War and the senate: two stages for the same transaction
Pound shifts M. Pom-Pom’s location from allait en guerre
to est au sénat
, implying a continuum: the cannons are sold by fighting and also by policy. The move to the senate doesn’t elevate the character; it stains the institution. The repetition, now doubled—Pour vendre des canons / Pour vendre des canons
—suggests bureaucratic redundancy, as if official speech is just the same motive said twice with paperwork attached. The poem’s tone here is scornful, almost singsong, but the target is serious: war-making isn’t a tragic necessity; it’s a business model.
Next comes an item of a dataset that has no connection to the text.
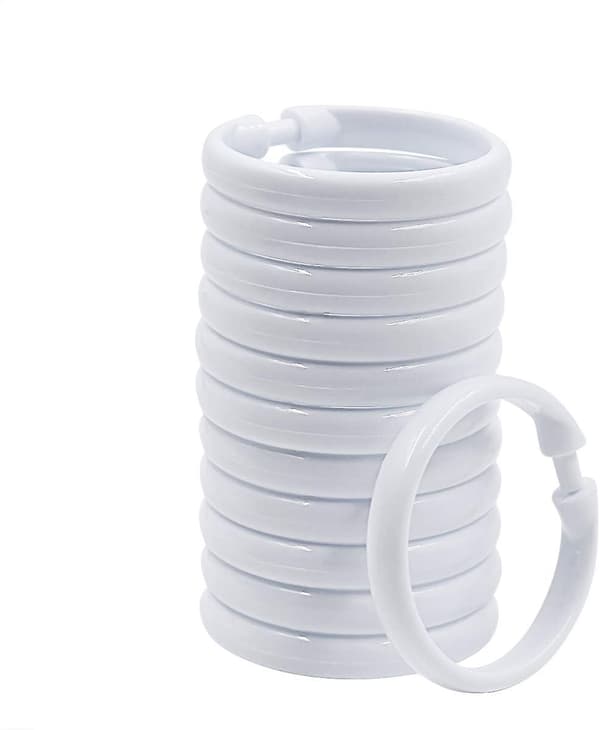 Duschdraperi-ringar - 12-pack - Plast Duschdraperi-krokar O-formade ringar Glider lätt på badrum Duschstång (vit)  [dB}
The final turn: translation becomes insult
The poem’s last turn snaps into English: To sell the god damn'd frogs
. This is not a neutral translation; it’s a slur, exposing how easily commerce in weapons recruits nationalism and contempt for foreigners. Even the closing near-stutter—A few more canon,
—sounds like someone still bargaining at the edge of catastrophe. Pound ends by showing a final contradiction: the seller needs an enemy to hate, but that hatred is just another tool to keep the cannons moving.